Re: [Discuss-gnuradio] Re-writing blocks using intel libraries
From:
Eugene Grayver
Subject:
Re: [Discuss-gnuradio] Re-writing blocks using intel libraries
Date:
Tue, 11 Dec 2007 15:41:46 -0800
Please see answers in-line.
Thanks!
________________________
Eric Blossom <address@hidden>
12/11/2007 02:31 PM
To
Eugene Grayver <address@hidden>
cc
address@hidden
Subject
Re: [Discuss-gnuradio] Re-writing blocks
using intel libraries
On Tue, Dec 11, 2007 at 10:13:32AM -0800, Eugene Grayver
wrote:
> Hello,
>
> We are working on some systems that require high sampling rates. I
am
> already using the Intel C++ compiler at the highest optimization ratio,
> but a lot of the blocks are very slow still. It appears that
intel C++
> does not properly vectorize <complex> data type.
General curiosity questions:
Are you using oprofile to measure performance?
I am a bit of a maverick, and for various reasons
am using a pure C++ environment. I hacked my own 'connect_block'
function (can;t wait for v3.2, where these will be part of native gr).

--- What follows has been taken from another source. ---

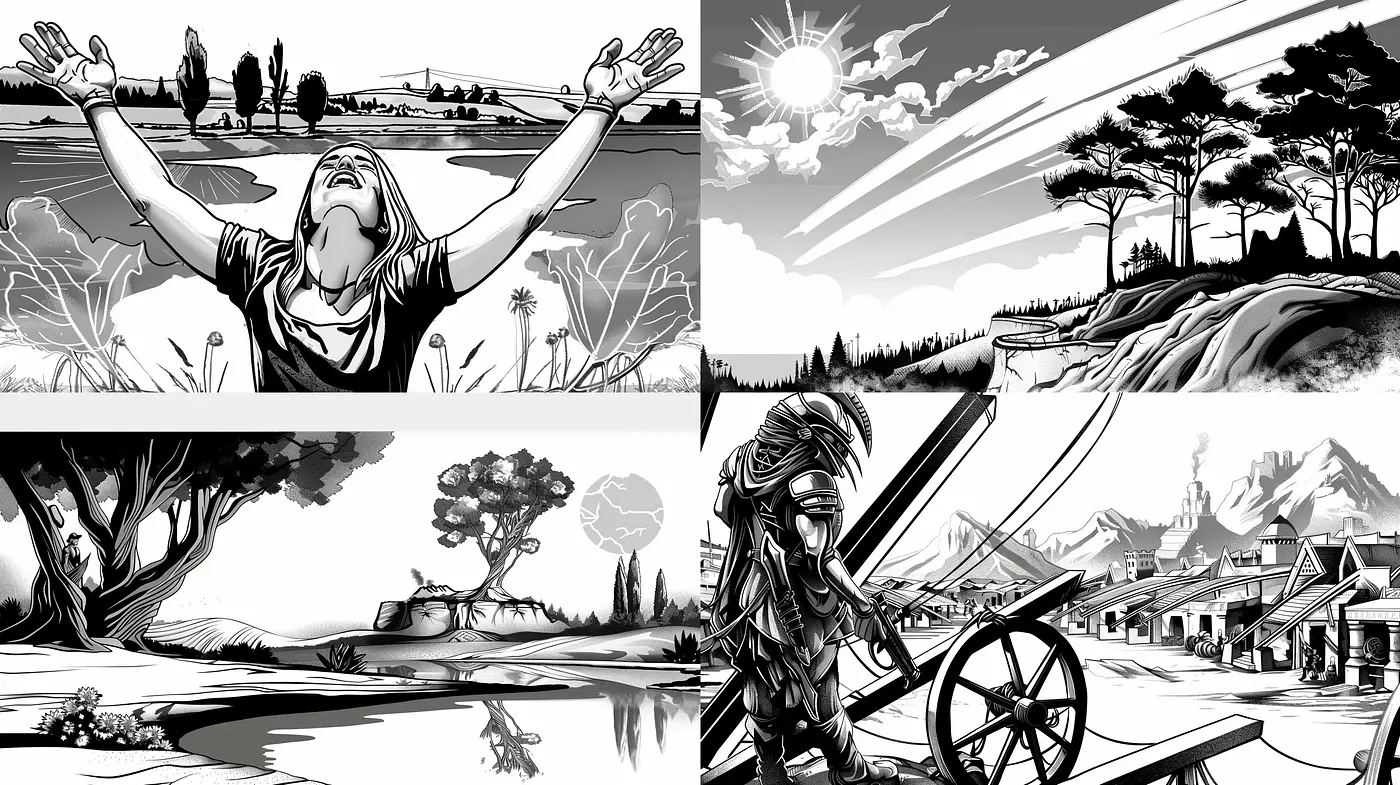 Monochromatic Elegance with a Graphic Novel Flair - Midjourney sref style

I am measuring the performance using a custom block (gr_throughput)
that simply reports the average number of samples processed per second.
What h/w platform are you running on / tuning for?
The platform is currently Intel Xeon or Core2 Duo.
You're not trying to run your app on a cache-crippled machine like
a
Celeron, are you? ;)
No, very high end.
Which blocks are causing you the biggest problem?
I got a 2x improvement on all the filtering blocks.
About a 40% improvement for sine/cosine generation blocks. This
includes gr_expj, gr_rotate.
Are your problems caused primarily by lack of CPU cycles, cache
misses or mis-predicted branches?
I am not sure, since I am not at all a software expect
(mostly dsp/comm). My guess is that the SSE instructions are not
being used (or not used to a full extent). Even the 'multiply' block
is VERY slow compared to a vector x vector multiplication in the Intel
library. Some of the gr_blocks process each sample using a separate
function call (e.g. for (n=0; n<noutput_samples; n++) scale(in[n])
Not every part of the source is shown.